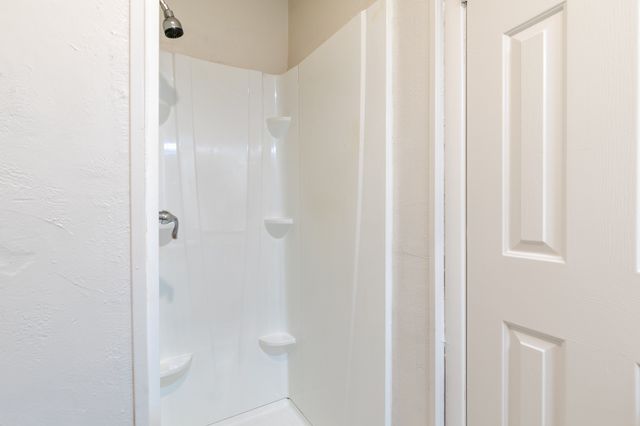 756 E Pecan Street 756, Hurst, TX 76053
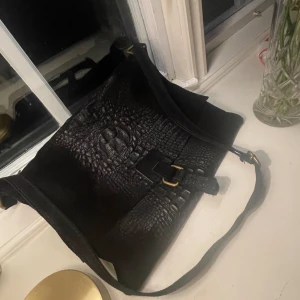 Läder Väska - Säljer denna fina äkta läder väska från ’Borse In Pelle Made In Italy 🙌 Tillverkas ej längre. Värd ca 2000kr. Kan köpas för något runt 300kr! Kommer inte till användning därav säljs den. Skriv privat för fler bilder💋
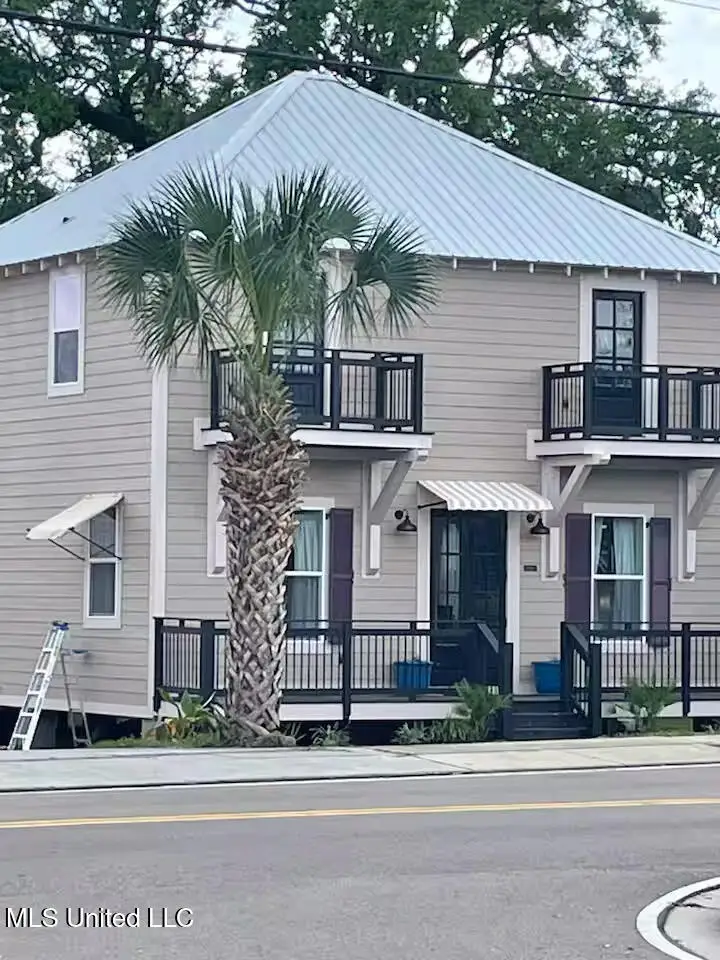 649 Howard Avenue, Biloxi, MS 39530 - #2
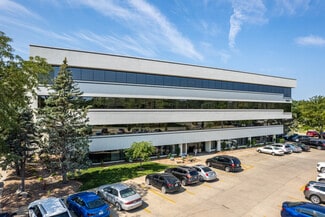 Plus de détails pour 7441 O St, Lincoln, NE - Bureau à louer
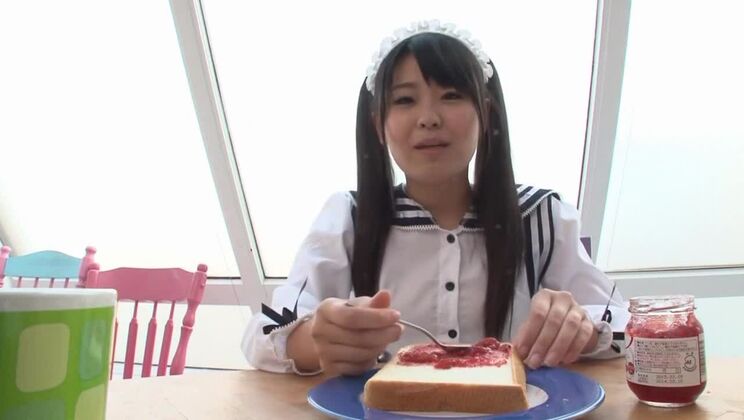 La seducente e formosa giapponese Airi Satou ha raggiunto l'orgasmo con le dita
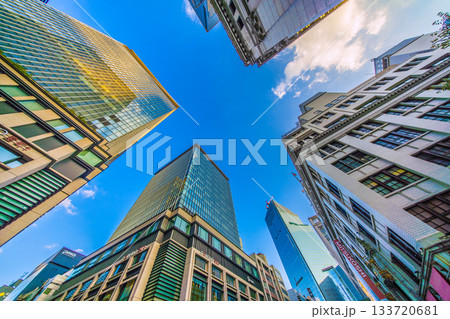 日本の東京都市景観夕日を浴びる日本橋の摩天楼や日本橋一丁目の再開発事業などを望む。新たな時代へ 133720681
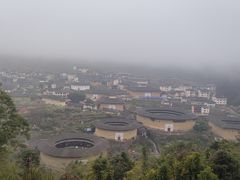 -初溪土楼群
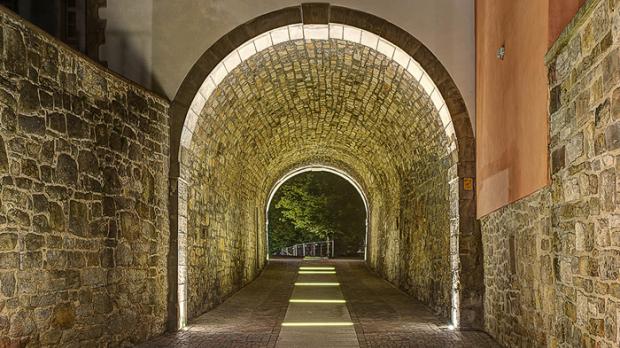 HILDESHEIM - VERBINDUNG VON UNESCO-WELTERBESTÄTTEN MIT DER »instalight 1060« - Foto: Studio DL (Dirk-André Betz)
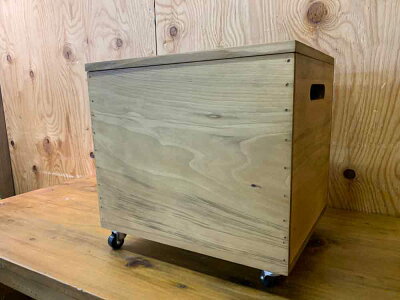 ウッドボックス二方桟蓋アンティークブラウン30×25×29cmキャスターつき木製ひのきハンドメイドオーダーメイド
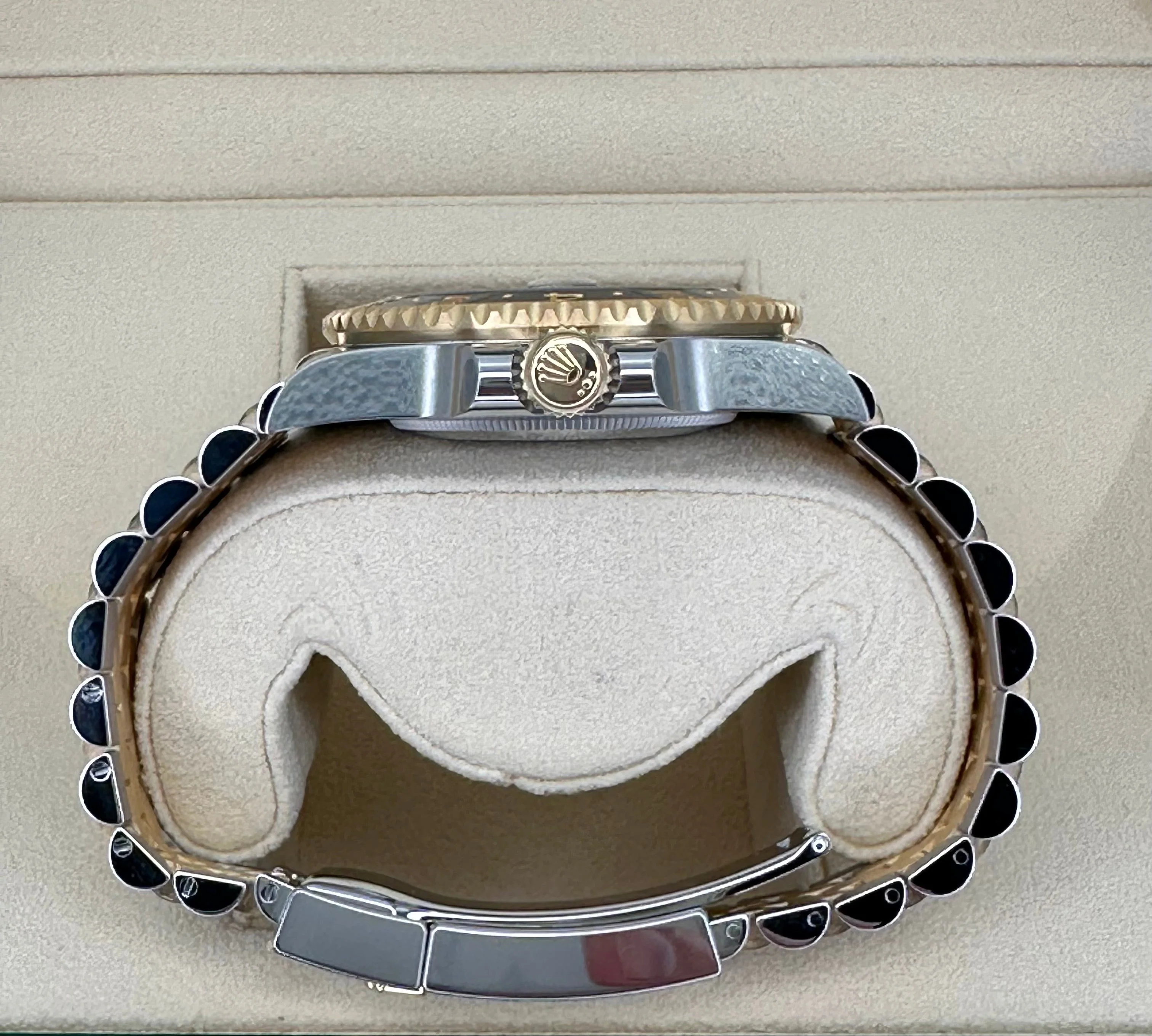 2023 Rolex GMT-Master II 40mm 126713GRNR Two-Tone Jubilee Black Dial - Image 9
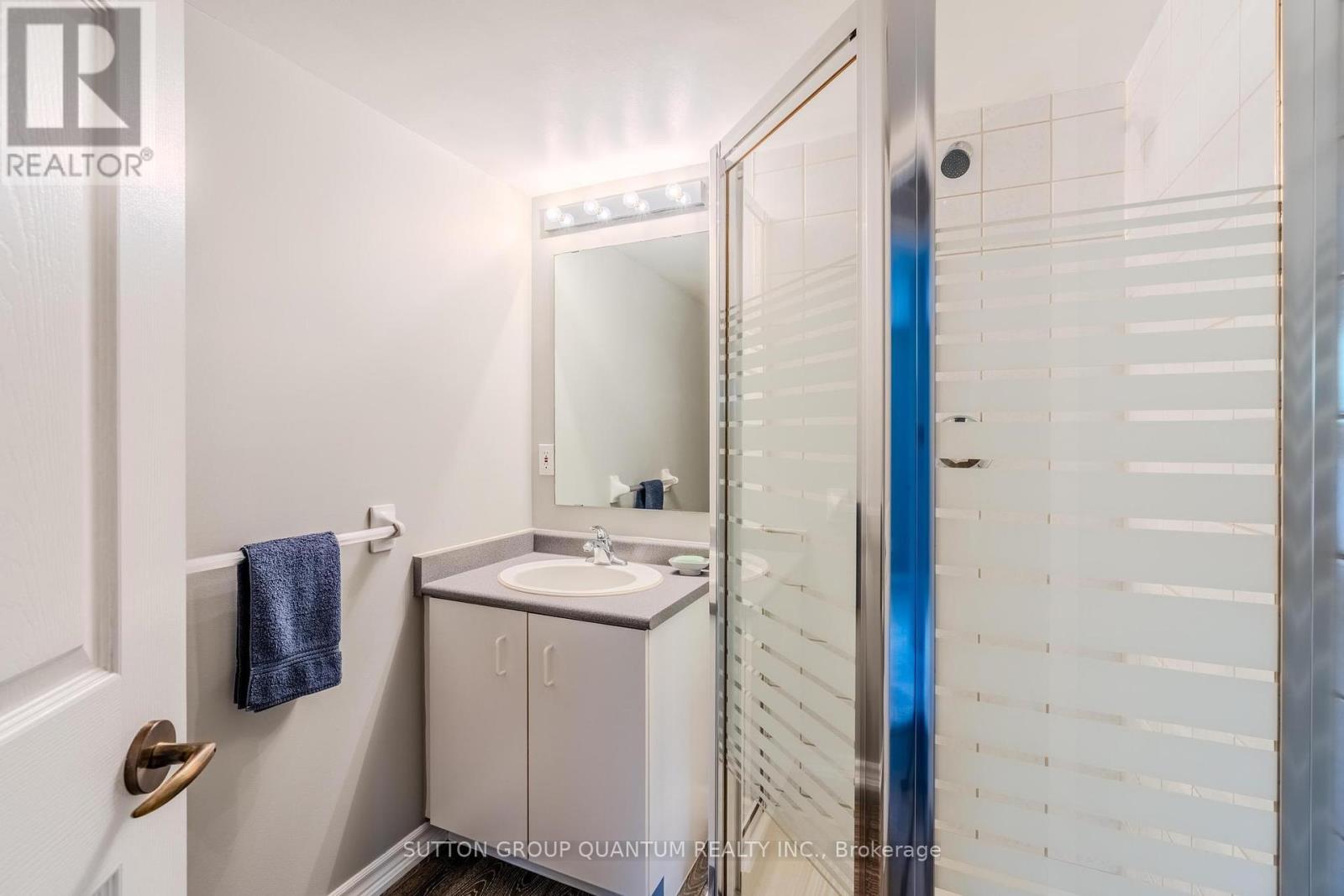 112 - 4013 Kilmer Drive, Burlington, Ontario  L7M 4M3 - Photo 16 - W12387854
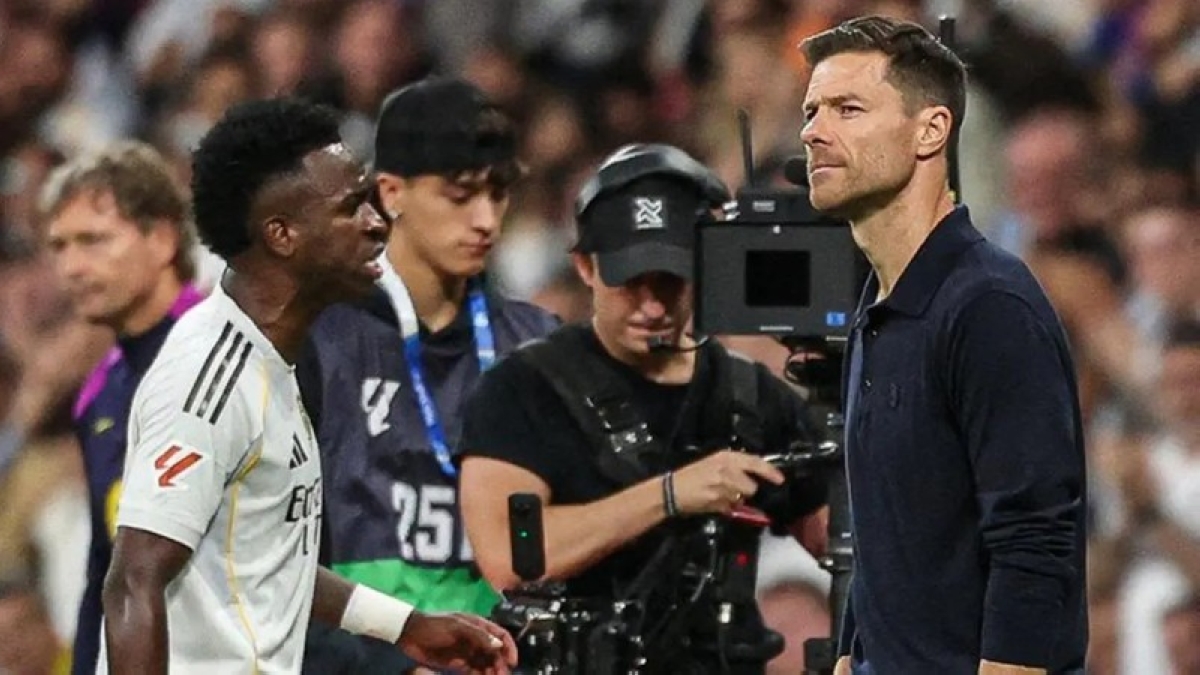فينيسيوس يهدّد ألونسو: سأغادر ريال مدريد! فينيسيوس يهدّد ألونسو: سأغادر ريال مدريد!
══════
What you are asked to do:
Without the pictures, set down the lines above from the line with "La seducente e" up to and including the line with "112 - 4013 Kilmer" exactly as they stand.

Expected answer:
 La seducente e formosa giapponese Airi Satou ha raggiunto l'orgasmo con le dita
 日本の東京都市景観夕日を浴びる日本橋の摩天楼や日本橋一丁目の再開発事業などを望む。新たな時代へ 133720681
 -初溪土楼群
 HILDESHEIM - VERBINDUNG VON UNESCO-WELTERBESTÄTTEN MIT DER »instalight 1060« - Foto: Studio DL (Dirk-André Betz)
 ウッドボックス二方桟蓋アンティークブラウン30×25×29cmキャスターつき木製ひのきハンドメイドオーダーメイド
 2023 Rolex GMT-Master II 40mm 126713GRNR Two-Tone Jubilee Black Dial - Image 9
 112 - 4013 Kilmer Drive, Burlington, Ontario  L7M 4M3 - Photo 16 - W12387854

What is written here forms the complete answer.